The reality of specific forms are an embodiment/projection/revealing of their nature. Archetypes are reminders. So for example a tree may reflect:
Etc.
The words are only an abstraction though. If your concept of ‘sad’ or ‘red’ is much more vibrant than mine, it becomes difficult to find common ground.
@Jeroen
The words are only an abstraction though. If your concept of ‘sad’ or ‘red’ is much more vibrant than mine, it becomes difficult to find common ground.
Yes, words are only an abstract of thought or perception.
The limitation of words can be a barrier, sometimes that is so.
However, our words enable us to approximate our conception, our perceptions, our feelings. In that function, words, though "limited", can carify.
Feelings, experiences, emotions, thoughts are so often beyond the ability to put into words, in any language. However, words do push us in the direction of comprehension.
It s the habit of the Mentors to use words to provide us with a direction, no matter how straight or convoluted, to seek our understanding, our awakening, to embark and continue upon our roads of discovery. This is as true for the engineer, the artisan, the seeker of the way, the chef, the child upon the bicycle.
Peace to all
Often though there are no appropriate words at all. The Eskimo’s have fifty different words for snow. You could think that a language that could richly describe the inner would have a few more words for mental state, or for motive energy.
This speaker presented at a Mind and Life conference with the Dalai Lama. She talks about the way the language we use can shape the way we see the world.
This idea is at the heart of the movie Arrival
Arrival was a great sci-fi movie, I really enjoyed it.
Words/concepts or thoughts fabricate your reality.
The Vikings have their Valhalla, the Greeks Mt Olympus, the Nazi's Third Reich.
We have the USA, Europe, fiat currency etc.
The 'tree' is a collection of roots, trunk, branches, leaves, and flowers. The tree is not an independent reality. Nothing is.
To each person these mean different things, they are collective illusions.
Some illusions work better or worse than others. Reality is conditional and interdependent, not arbitrary.
How, exactly, when many illusions are dependent on the contents of mind and memory which you have built up over a lifetime? An Iranian or Russian’s concept of the USA will be very different from that of someone brought up in the States, just because the shared stories by these groups of people will be massively different.
If you say “reality is conditional and interdependent”, it sounds like you are referring to those concepts of which we all have a shared base, such as throwing frisbees. There you can ‘work out’ the conditions and see the interdependence, but for a lot of other concepts things get a lot more nebulous.

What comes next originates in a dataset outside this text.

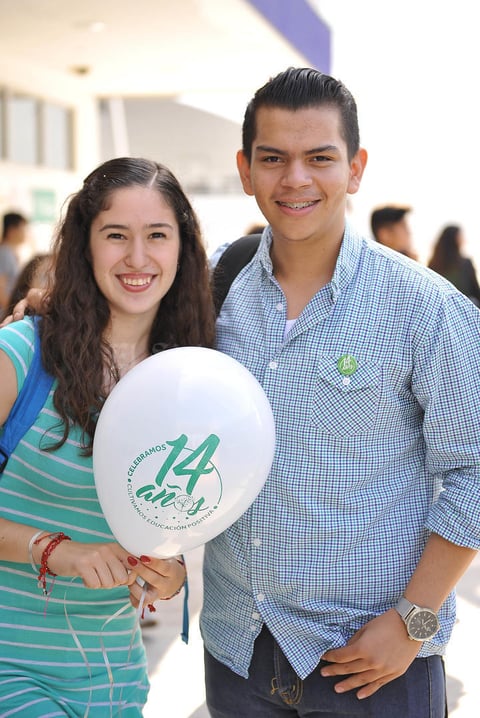 28092016 EVENTO ESCOLAR.  Mara y Andrés.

In my mind what I'm referring to is the part of reality that is more concrete. Like the physical reality of concrete being stronger than wood or the way evolution has shaped humans to bond with and care for their young.

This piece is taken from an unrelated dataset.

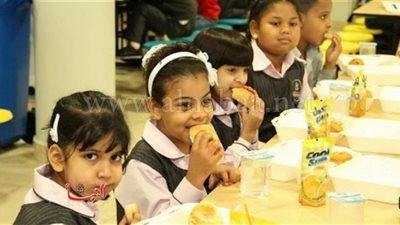 بدء توزيع الوجبات المدرسية في 5 محافظات في هذا الموعد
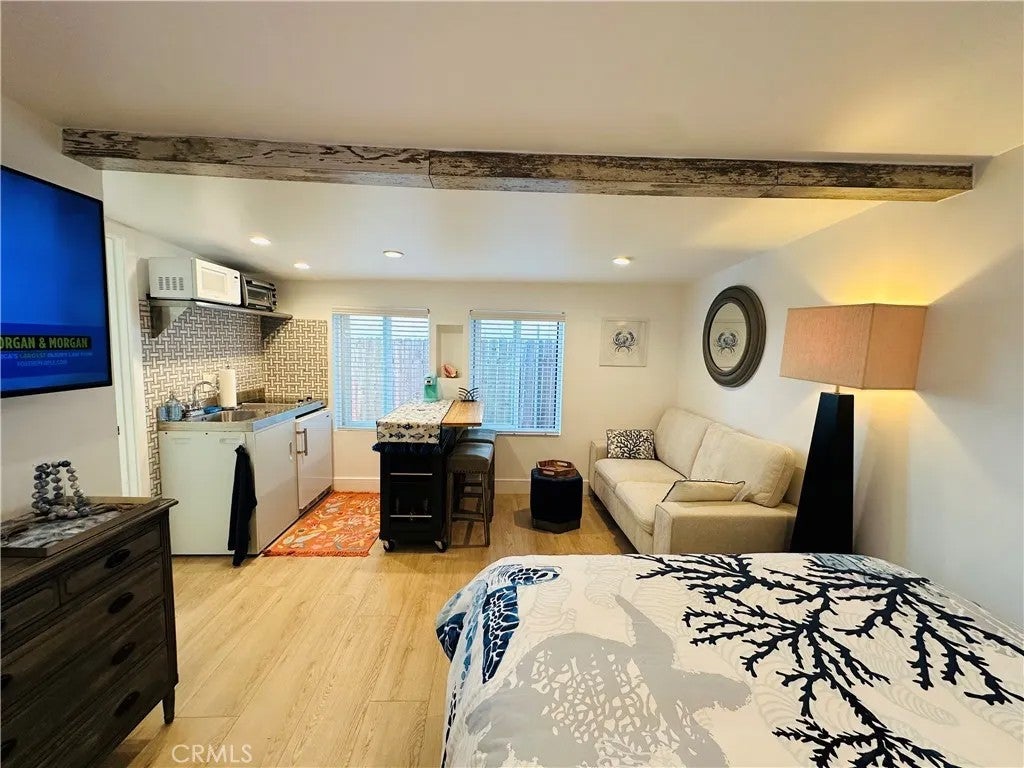 116 Avenida Serra — photo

There is a large degree of nebulousness and fluidity in society and language but my main point is that it isn't absolute. Physical reality places constraints that lead to worse and better outcomes depending on how we construct those illusions.
Someone once said that there are basically three realities.
Mine
Yours
Actual
He or she was referring to Reality as it is, Perceived reality and Conceived reality....

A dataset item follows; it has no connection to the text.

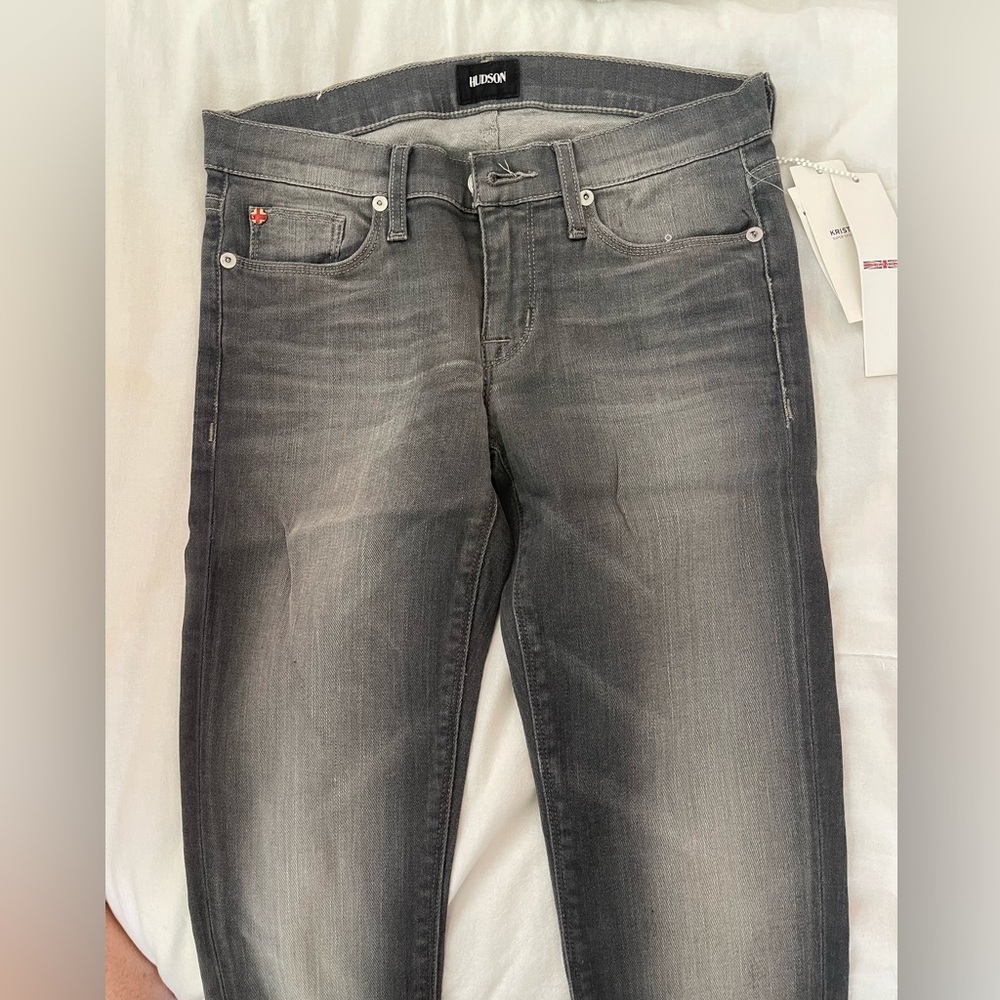 Hudson Skinny Jeans Grey Washed size 26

One soul, after enduring all the argruments and presentations on reality simply stated, "What is is.", stood up and went out for tea.
Peace to all
exactly.
This is the nature of karma, skilful means. interdependence.
In the realm of full stops
We stop constructing and we fall to bits
and … are built of Nothing.
Words are often little more than references. You knew in the past that a certain word was associated with a given object from childhood, and that stuck. But some words seem to mirror what they refer to in terms of their phonetics. For example, the word "sweet" has a, well, "sweet" sort of ring to it. So it mirrors the sense of giddiness you get while eating sugar. "Slime" is another example where the ickiness of the thing represented is mirrored in terms of the sound of the name.
There is poetry embedded everywhere in language.
Words... Can't rightly communicate with'em, can't rightly communicate without'em.